Страница 2 из 4
Показалось ли вам, что с публикацией "Ивана Денисовича" наступил переломный момент, наступила новая эра в советской литературе?
Вот я всего значения не осознал. Я только понимал, что это начало прорыва. Конечно, нужно прорывать и в других областях, не только мне и не только в литературе, и это может стать поворотной точкой. Ну, конечно, ожидали контратаку, и сам я думал так, что, ну, через полгода меня начнут давить, так что надо вот за полгода что-то сделать. А сказать, что наступила новая эра в советской литературе?.. - для этого нужно было, чтобы литература получила какую-то свободу. А, в общем, литературу-то зажали, зажали и не дали развиваться. Тогда, конечно, казалось, что успех будет бoльшим, мы прорвём больше.
Публикация "Одного дня Ивана Денисовича" неразрывно связана с именем покойного главного редактора "Нового мира" - поэта Александра Твардовского. Как вы думаете, если бы не Твардовский, возможно ли было издание повести каким-нибудь другим путём?

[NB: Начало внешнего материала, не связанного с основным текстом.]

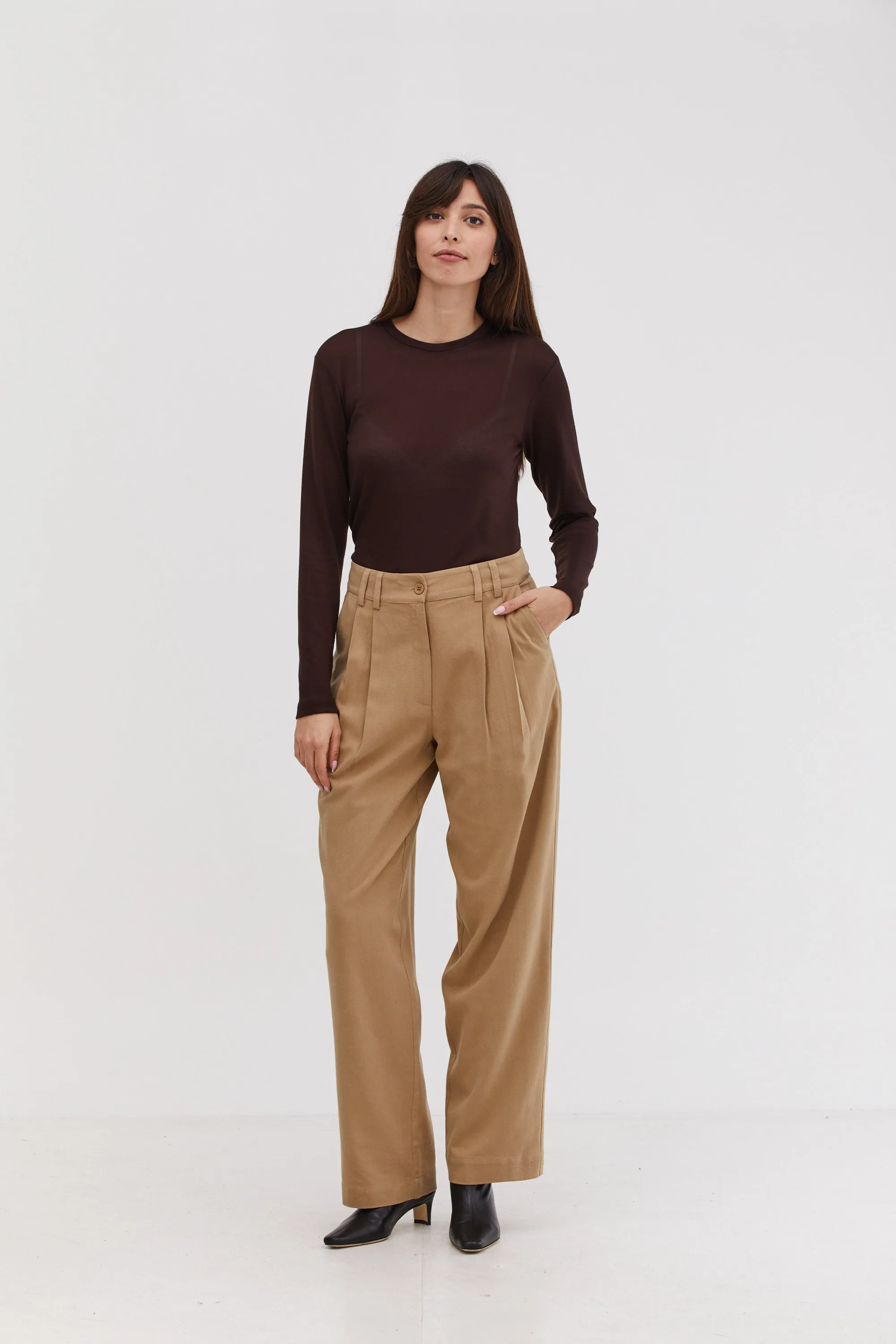 Noah Pants Khaki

Для того чтобы её напечатать в Советском Союзе, нужно было стечение невероятных обстоятельств и исключительных личностей. Совершенно ясно: если бы не было Твардовского как главного редактора журнала - нет, повесть эта не была бы напечатана. Но я добавлю. И если бы не было Хрущёва в тот момент - тоже не была бы напечатана. Больше: если бы Хрущёв именно в этот момент не атаковал Сталина ещё один раз - тоже бы не была напечатана. Напечатание моей повести в Советском Союзе, в 62-м году, подобно явлению против физических законов, как если б, например, предметы стали сами подниматься от земли кверху или холодные камни стали бы сами нагреваться, накаляться до огня. Это невозможно, это совершенно невозможно. Система была так устроена, и за 45 лет она не выпустила ничего - и вдруг вот такой прорыв. Да, и Твардовский, и Хрущёв, и момент - все должны были собраться вместе. Конечно, я мог потом отослать за границу и напечатать, но теперь, по реакции западных социалистов, видно: если б её напечатали на Западе, да эти самые социалисты говорили бы: всё ложь, ничего этого не было, и никаких лагерей не было, и никаких уничтожений не было, ничего не было. Только потому у всех отнялись языки, что это напечатано с разрешения ЦК в Москве, вот это потрясло. Да, вот такая роль была Александра Трифоновича Твардовского.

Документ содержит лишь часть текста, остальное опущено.